Exercise requirements:
The lines to repeat are those below from the one containing "Lobster Claw Heliconia" down to the one containing "COSTWAY Climbing Triangle", both included; reproduce them exactly and nothing else.

Dataset entries:

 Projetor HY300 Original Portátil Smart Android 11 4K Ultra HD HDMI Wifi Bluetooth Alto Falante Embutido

* * *

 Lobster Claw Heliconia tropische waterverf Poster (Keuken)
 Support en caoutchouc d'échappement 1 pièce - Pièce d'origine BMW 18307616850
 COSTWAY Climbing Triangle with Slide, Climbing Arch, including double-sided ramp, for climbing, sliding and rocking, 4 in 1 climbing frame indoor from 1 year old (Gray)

==

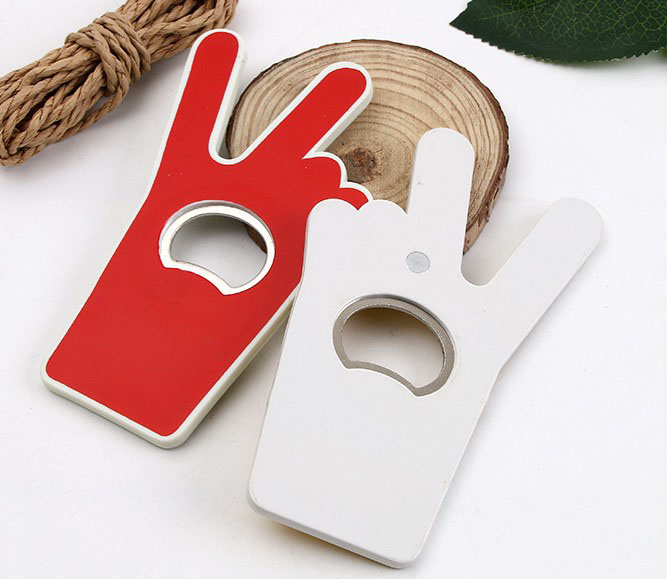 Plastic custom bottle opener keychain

Answer space:
 Lobster Claw Heliconia tropische waterverf Poster (Keuken)
 Support en caoutchouc d'échappement 1 pièce - Pièce d'origine BMW 18307616850
 COSTWAY Climbing Triangle with Slide, Climbing Arch, including double-sided ramp, for climbing, sliding and rocking, 4 in 1 climbing frame indoor from 1 year old (Gray)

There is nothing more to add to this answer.